Fusione dei comuni e tasse allo studio aliquote uguali

Trichiana e Limana proseguono il lavoro per la creazione di un unico ente locale A breve gli incontri con la popolazione e un concorso tra le scuole per il nome

LIMANA E TRICHIANA . Nella fusione tra Limana e Trichiana, la questione più spinosa è quella delle differenti aliquote dei tributi comunali.
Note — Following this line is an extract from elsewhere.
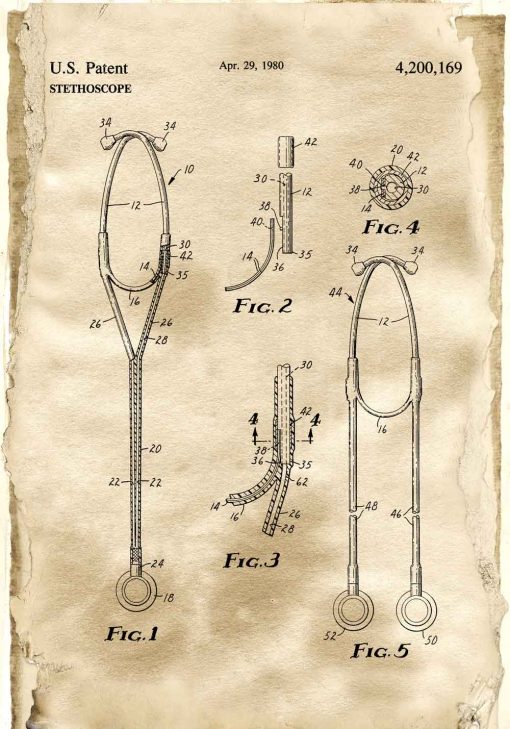 Patent na stetoskop - Plakat dla kolekcjonera do szkoły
Ed è su questo che stanno lavorando da diverse settimane gli uffici. «Procedere con tutti gli allineamenti possibili è la priorità che ci siamo dati», fa presente il vice sindaco di Trichiana, Gianluca Franco. «Nel momento in cui i cittadini dovranno decidere se vogliono la fusione, devono anche avere la certezza che non ci saranno differenze di trattamento tra limanesi e trichianesi».

Entro gennaio, dunque, gli uffici ultimeranno una ricognizione dei regolamenti dei due Comuni, comunicando poi alle giunte quali sono gli aspetti su cui bisogna lavorare. Gli amministratori, intanto, stanno redigendo per ogni assessorato una sorta di griglia in cui sono elencati gli elementi che accomunano i due territori e quelli che li differenziano. E continuano gli incontri tra le due giunte. Ogni appuntamento è stato dedicato a un tema specifico: si è parlato di scuole, sport e turismo, ambiente. E ancora: lavori pubblici ed edilizia privata, sociale, case di riposo e associazionismo.
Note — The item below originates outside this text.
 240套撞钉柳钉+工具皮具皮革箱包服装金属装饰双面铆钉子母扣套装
«Siamo fermamente convinti del percorso avviato», dice ancora Franco. «Proprio per questo stiamo lavorando in modo assiduo». L’intenzione dei due Comuni della Sinistra Piave, se la risposta dei cittadini sarà positiva, è concludere il processo di fusione entro la scadenza naturale dei rispettivi mandati (2019).
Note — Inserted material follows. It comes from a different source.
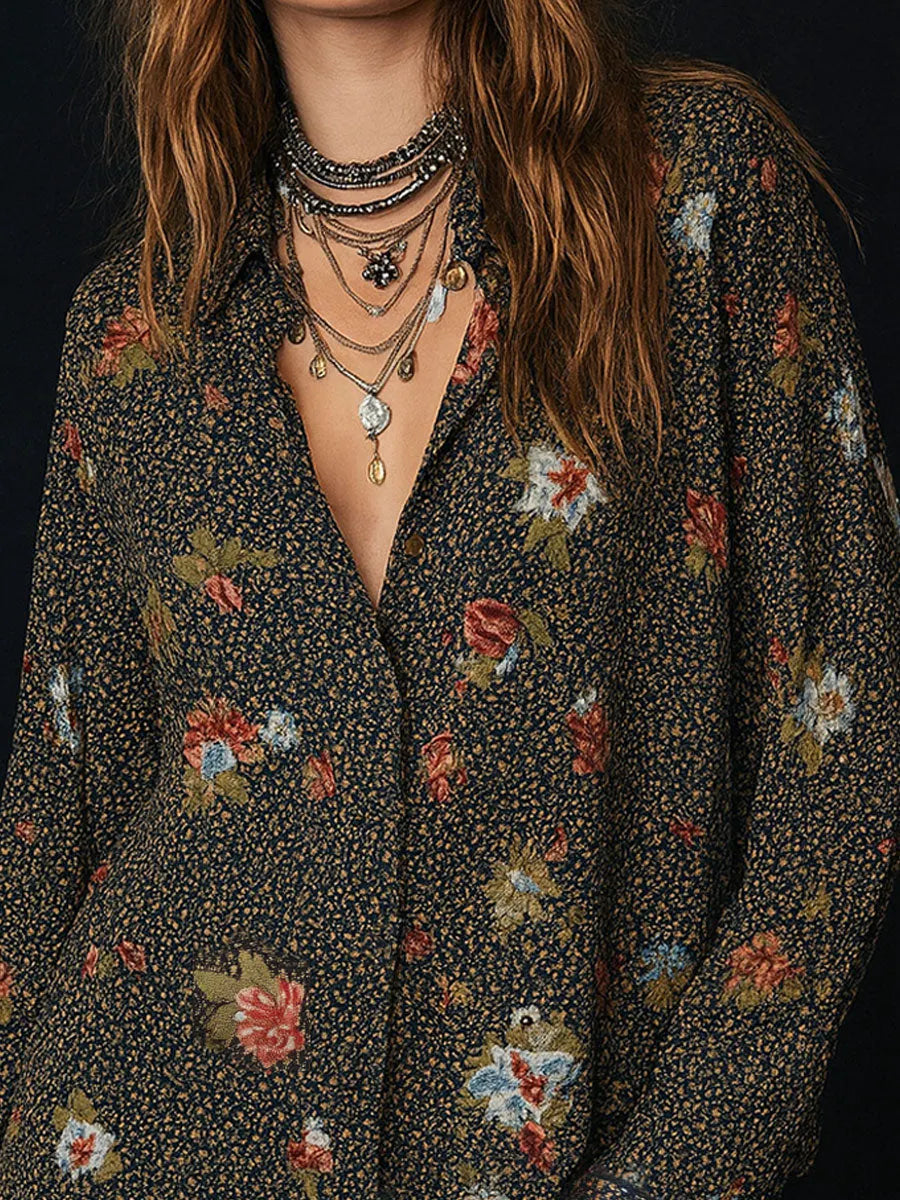 Retro Blouse in soft, Unbeatable Price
Lo studio di fattibilità è stato presentato l’estate scorsa: secondo l’analisi, Limana e Trichiana sarebbero due realtà molto vicine tra loro, simili per dimensioni, frammentate in diverse frazioni e facenti parte dell’Unione Montana Valbelluna, con alcuni servizi già in convenzione e collaborazioni in atto. Il Comune unico arriverebbe a contare 10.100 abitanti e diventerebbe il terzo in provincia. «Le opportunità della fusione consistono nel miglioramento dei livelli qualitativi, nella diminuzione dei costi di funzionamento, nella maggiore accessibilità al pubblico e in nuovi investimenti in opere pubbliche e nella manutenzione di quelle attuali», riflette il vice sindaco di Trichiana. «I rischi stanno nel timore della diminuzione della rappresentatività, che deve essere gestito attraverso condivisione e partecipazione. A questo scopo stiamo lavorando alla realizzazione di un progetto chiaro, per poter fornire tutti gli elementi che permettano, nel momento in cui sarà indetto il referendum,
di prendere una decisione. L’ultima parola spetta alla popolazione».

Gli incontri informativi con la cittadinanza prenderanno il via a breve e verrà anche avviato un concorso di idee con le scuole per decidere quello che potrebbe essere il nome del Comune post fusione.